| Howdy |
| Author | Message |
Freik Junior Member   Posts: 4 Group: Registered Joined: Jun 2008 Status: Offline Reputation
MyMood:  Points: 30.40
| Howdy
I'm an 18 year old guy from Arizona. I just graduated this spring and have been feeling especially lonely lately, though my recent wave of lonely-ness goes back to about late April.
I don't understand what it is, but I just don't fit in with people very well. I don't have a group of people that I can associate myself with. As far as I can tell I'm 100% unique/different/me.
I became very aware of this at the end of April when I went with 200 other band student to our traditional Disney Land Trip. Both of the mornings we were at the parks I couldn't find any groups to go with, so I found myself finding the nearest people I knew and kind of just tagged along. I don't think they even acknowledged I was there.
Then came Prom. I had an excellent self-confidence boost from my ability to actually ask a girl and get her to go with me. This was a complicated relationship (even before and after prom), to say the least. For most of the time at the dance she was with her friends (who I didn't really know) which left me wandering around by myself and getting sick off of Pepsi.
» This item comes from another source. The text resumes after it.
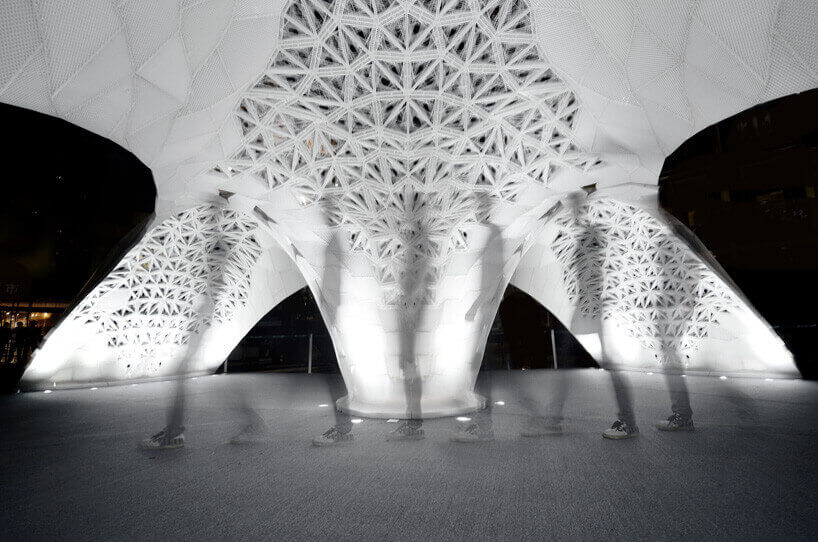 Featured image of VULCAN: The World’s Biggest 3D Printed Architectural Pavilion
Up to this point friends had been leaving me left and right, and the only person I had left was this girl. She was my best friend and very possibly one of my only friends. She is one of the few people who aren't family who I can say I love. However, I believe I became too bold in our relationship and accidently ended it the night after prom. We didn't have sex (just incase you were thinking that) That's not what ended the relationship. It was a kiss. That's what I still don't fully understand.
So now that I lost my best friend and my love in one night, I locked myself in an emotional closet and waited untill after graduation so I could start forgetting. Needless to say, I haven't forgoten yet. And now I sit here, once again, alone with no friends to hang out with on the weekend.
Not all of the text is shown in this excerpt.